No que toca à saúde do intestino, quais são os sinais que nos devem preocupar?

O intestino é o nosso segundo cérebro por isso devemos nutri-lo da melhor forma. Se tivermos um intestino doente automaticamente se traduz em falta de energia, tristeza, obstipação, insónias, dor abdominal, sensação constante de barriga pesada, inchaço abdominal e até mesmo, dores de cabeça. Precisamos de ter e manter um intestino saudável e feliz para que tudo o resto possa funcionar e fluir da melhor forma.

Diz-nos que devemos fazer um “reset intestinal”. É o mesmo que falar de jejum intermitente?

Um reset ou detox intestinal tem como objetivo desintoxicar, desinflamar, desinchar e dar ao nosso organismo, algum descanso. É importante de vez em quando oferecermos saúde ao nosso intestino.

Devido às nossas rotinas, nem sempre nos alimentamos de forma correta e nem conseguimos manter hábitos alimentares, que são fundamentais para ajudarem o intestino a funcionar corretamente.

É muito importante que, de vez em quando, possamos dar umas ‘feriazinhas’ ao nosso intestino.

Reset ou Detox intestinal e Jejum intermitente, no meu ponto de vista são conceitos diferentes.

A ansiedade, como explico no livro, é um mecanismo autónomo do organismo e é muito difícil mudar o chip da mente e controlar esta emoção.

No capítulo que dedica à tensão pré-menstrual (TPM) e menopausa, chama à conversa os homens.

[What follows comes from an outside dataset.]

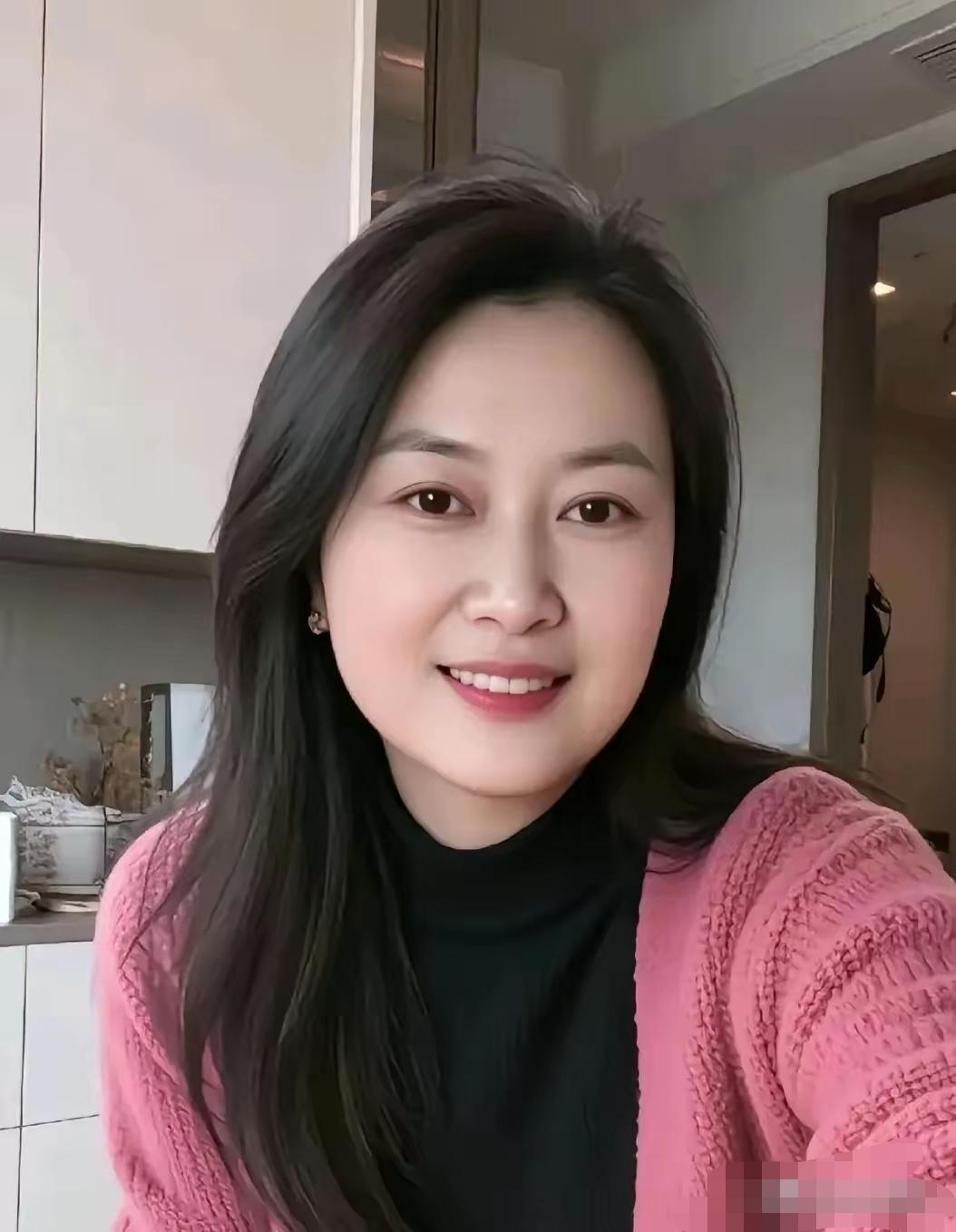 成熟稳重的美女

Porquê?

Porque acho que é fundamental o homem compreender esta fase da mulher. Ambas as fases são bastante delicadas para a mulher e muitas vezes, os sintomas destes dois distúrbios femininos não são levados a sério. A mulher é uma força de natureza com um organismo incrível para suportar imensa coisa. Nestas fases, a mulher transforma-se em outra pessoa e a meu ver, é importante que os homens compreendam os sintomas para que possam compreender que, por vezes, a variação de humor, a falta de paciência, a irritabilidade por tudo e por nada, têm uma razão de ser.

A compreensão e a tolerância por parte do sexo oposto, pode atenuar tanto os efeitos da TPM como os efeitos da Menopausa.

canja de cogumelos Shitake
créditos: Teresa Aires - @the_lightplace

Um aspeto muito abordado nos dias que correm prende-se com a imunidade. A Tâmara chama-a ao seu livro, ao associá-la à prevenção da gripe e da constipação. Há uma fórmula mágica para fortalecer o sistema imunitário?

A melhor fórmula mágica é uma alimentação consciente, equilibrada e saudável. A alimentação é a base de tudo. Temos que escolher os ingredientes certos, cozinhá-los de forma correta e ajudar o nosso corpo a funcionar bem.

Não há nada melhor do que uma alimentação rica em vitaminas e minerais para reforçar o sistema imunitário.

A isto podemos juntar alguma suplementação e fitoterapia mas que só irão ajudar a produzir resultados se mantivermos hábitos equilibrados.

O seu livro conta com inúmeras receitas. O que orientou as escolhas que nos apresenta?

O primeiro passo é percebermos que alimentos são bons para o nosso organismo e que alimentos queremos excluir dos nossos hábitos.  Existem alimentos que nos fazem sempre bem como os verdes e as frutas e depois existem alimentos que nos fazem sempre mal como o sal, os lacticínios, a charcutaria, os açúcares, os processados entre tantos outros.

O segredo está em descobrimos novas combinações de sabores e de texturas. Quando aceitamos isto, as escolhas e o caminho tornam-se muito mais fáceis.

Entrevista cedida por escrito em janeiro de 2022.